Make a set prefix-free

341 views Asked by At

Is there a standard or best algorithm to make a given set of strings prefix-free? That is, given a set of strings, throw out all strings that have a (shorter) prefix also in that set.

In case it matters, I'm ultimately gonna implement this in Python 2.7.

2

There are 2 answers

4
aghast On BEST ANSWER
strings = ['a', 'apple', 'b', 'beta', 'c', 'd']

def prefices_only(strlist):
    ordered = sorted(strlist)
    last = ordered[0]
    results = [last]

    for c in ordered:
        if not c.startswith(last):
            last = c
            results.append(c)

    return results

print(prefices_only(strings))
10
j_random_hacker On

[EDIT: Discard strings that have (not that are) prefixes]
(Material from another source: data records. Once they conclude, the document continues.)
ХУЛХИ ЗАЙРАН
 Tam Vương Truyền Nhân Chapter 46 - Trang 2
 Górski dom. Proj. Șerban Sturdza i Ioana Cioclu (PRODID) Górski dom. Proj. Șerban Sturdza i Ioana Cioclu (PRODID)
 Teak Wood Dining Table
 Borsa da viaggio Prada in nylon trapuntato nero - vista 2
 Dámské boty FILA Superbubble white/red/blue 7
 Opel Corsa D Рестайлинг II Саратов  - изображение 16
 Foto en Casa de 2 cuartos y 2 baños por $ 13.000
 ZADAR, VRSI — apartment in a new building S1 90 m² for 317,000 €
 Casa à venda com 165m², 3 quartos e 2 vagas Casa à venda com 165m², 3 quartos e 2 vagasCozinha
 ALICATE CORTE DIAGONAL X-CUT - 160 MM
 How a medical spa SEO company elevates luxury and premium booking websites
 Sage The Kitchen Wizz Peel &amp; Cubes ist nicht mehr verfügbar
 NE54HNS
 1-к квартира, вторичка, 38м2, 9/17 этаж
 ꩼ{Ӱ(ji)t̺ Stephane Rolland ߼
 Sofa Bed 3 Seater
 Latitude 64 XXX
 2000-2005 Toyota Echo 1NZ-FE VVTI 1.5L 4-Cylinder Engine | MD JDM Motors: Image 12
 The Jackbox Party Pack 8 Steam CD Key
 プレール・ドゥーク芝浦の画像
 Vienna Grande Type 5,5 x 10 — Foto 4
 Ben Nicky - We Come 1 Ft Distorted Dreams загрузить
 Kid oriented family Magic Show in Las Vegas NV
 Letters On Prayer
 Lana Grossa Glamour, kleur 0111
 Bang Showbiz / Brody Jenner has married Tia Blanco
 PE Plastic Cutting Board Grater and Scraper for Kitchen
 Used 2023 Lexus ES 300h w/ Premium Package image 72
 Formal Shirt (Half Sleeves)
  1. Sort the strings in increasing length order.
  2. Insert each string into a trie. If the insertion of a character would create a new child node for a currently childless (i.e., leaf) node, discard the current string -- it has a prefix.

[EDIT: Fixed time complexity]

The first step takes O(n log n) time to sort the n strings. If the average string length exceeds log(n), then this time complexity is dominated by the second step, which takes time (and space) linear in the total size of all the input strings. It's pretty easy to implement too.